O presidente da Federação Nacional dos Jornalistas (Fenaj), Celso Schröder, ressalta que tanto Lasier quanto Ana Amélia eram responsáveis por espaços de opinião no noticiário televisivo da RBS, reproduzindo o ponto de vista da empresa em vários temas importantes – "quase uma extensão da direção", acentua. "Os dois não têm nenhuma trajetória política. Nunca foram nem síndicos de prédio, nunca passaram uma noite sequer em um diretório acadêmico. Foram alçados à carreira política somente pela projeção que conseguiram a partir de seus espaços na mídia."

A mídia, explica Celso Schröder, foi o setor econômico que mais se fortaleceu durante os dias de ditadura. Em sua atuação, continua, os grandes veículos de comunicação atuariam no sentido de usurpar a política partidária, postando-se de forma quase contrária a ela e apresentando-se como substitutos em vários aspectos fundamentais. "Ao invés de cumprirem seu papel fiscalizador, apresentam-se como guardiões da verdade e da honra do país, usando a prerrogativa da liberdade irrestrita de imprensa para se manterem intocáveis.
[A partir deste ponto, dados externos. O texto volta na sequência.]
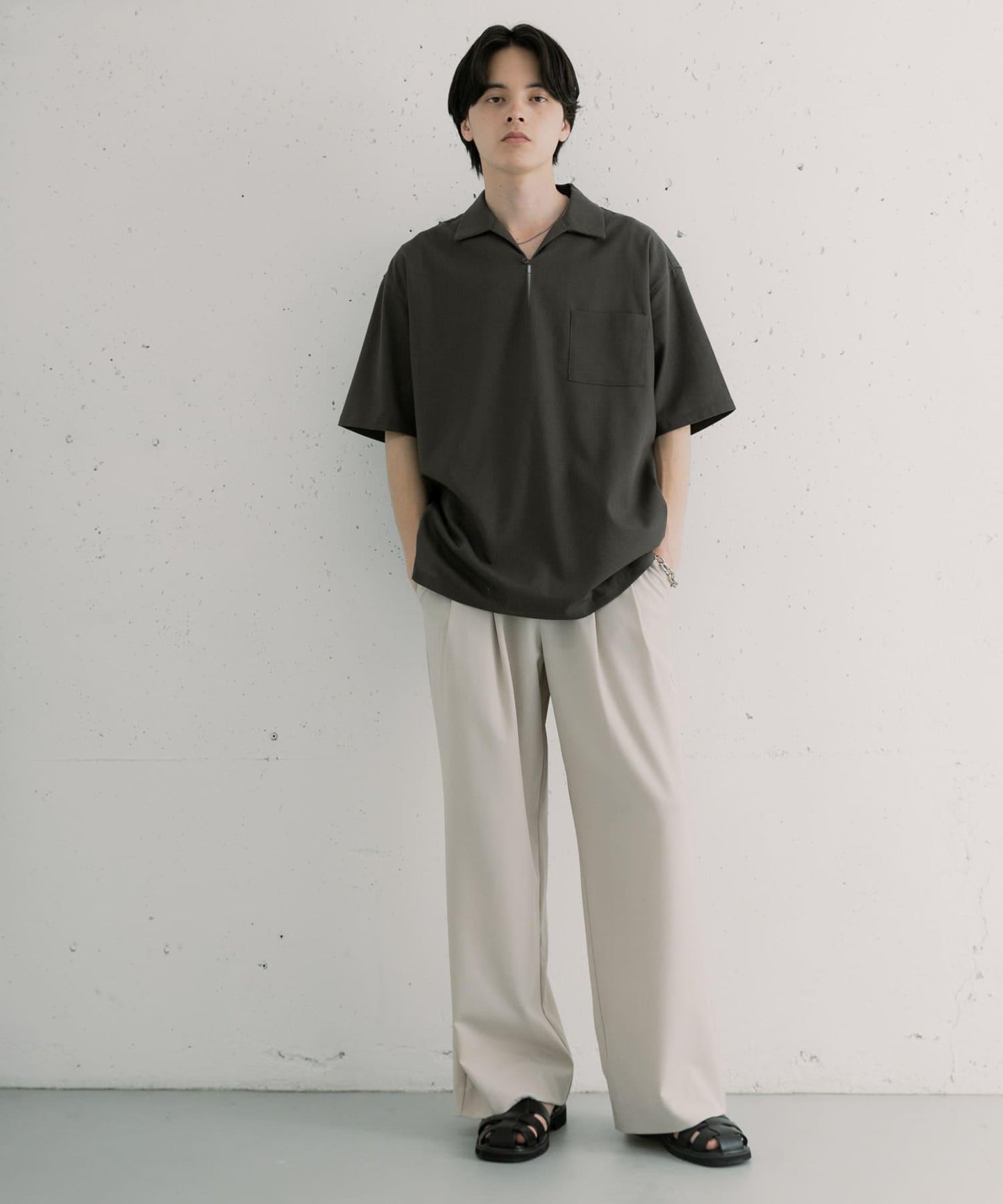 亞麻混紡套頭短袖襯衫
E isso cria um ambiente propício para autoritarismos e messianismos de todo tipo", lamenta.

Em e-mail enviado à Carta Capital, o diretor-executivo de Jornalismo do Grupo RBS, Marcelo Rech, acentuou que "a posição do grupo em relação a estes dois ex-comunicadores (Lasier e Ana Amélia) é de absoluto distanciamento. A empresa não estimula de forma alguma candidaturas, mas não tem poder legal de impedir que comunicadores decidam se candidatar".
Democratizar a mídia não está na pauta

Um aspecto chamativo envolvendo os candidatos oriundos da RBS é a baixa problematização de questões relacionadas com o funcionamento das grandes mídias e a necessidade de um marco regulatório para o setor. André Machado, que tenta eleger-se deputado federal pelo PCdoB, é uma exceção: em sua campanha, o ex-repórter e apresentador da Rádio Gaúcha vem abordando a necessidade de uma reforma da mídia, combatendo a concentração e defendendo a pluralidade de veículos de comunicação.

Outros candidatos, porém, tratam pouco ou quase nada da temática. Ana Amélia Lemos, por exemplo, considera "inaceitável" a proposta da executiva do PT de uma regulação econômica da mídia, que a presidenta e candidata à reeleição Dilma Rousseff voltou a discutir em maio deste ano. "Por mais que se diga que não é, é interferir sobre o conteúdo da comunicação", disse Ana Amélia em entrevista à revista Época. A pressão de veículos de imprensa fez com que a iniciativa fosse removida do programa de governo de Dilma.

"Ser comunicador não define a priori um discurso homogêneo", acrescenta Rafael Madeira, da PUC-RS. "André Machado é de um partido da base tanto de Tarso Genro quanto de Dilma Rousseff, ou seja, tem uma vinculação de esquerda. E o marco regulatório da mídia é uma bandeira de esquerda. Outros candidatos, mesmo que também jornalistas, estão do outro lado do espectro político e não problematizam essa questão. No caso, o partido acaba sendo um indicativo até mais importante do que a proximidade profissional", pondera.
Candidatos vindos da RBS lideram disputa no RS

A verdade é que os ex-funcionários da RBS são figuras de forte aceitação junto ao eleitorado. Ana Amélia Lemos lidera as pesquisas eleitorais no Rio Grande do Sul, com até dez pontos de vantagem sobre o governador. Lasier Martins também lidera a corrida ao Senado, ainda que em empate técnico com o candidato petista, Olívio Dutra.

A forte viabilidade eleitoral desses candidatos influencia as campanhas políticas, opina Celso Schröder, da Fenaj. "Surgem os candidatos com nariz vermelho, com frases chamativas... Tentam constituir em um tempo pequeno o que esses candidatos (vindos de veículos de imprensa) fizeram a vida inteira. Até os representantes de movimentos sociais acabam incorporando essa tendência", diz.

Rafael Madeira, da PUC-RS, complementa. "Um político tradicional leva décadas para construir um eleitorado, para consolidar-se no conhecimento do eleitor. Quem está na mídia - seja como jornalista, como um artista ou ex-jogador de futebol - já começa conhecido, e muitas vezes em postos já avançados. Mas essa ausência de histórico orgânico com a sigla muitas vezes acaba gerando instabilidade na relação partidária."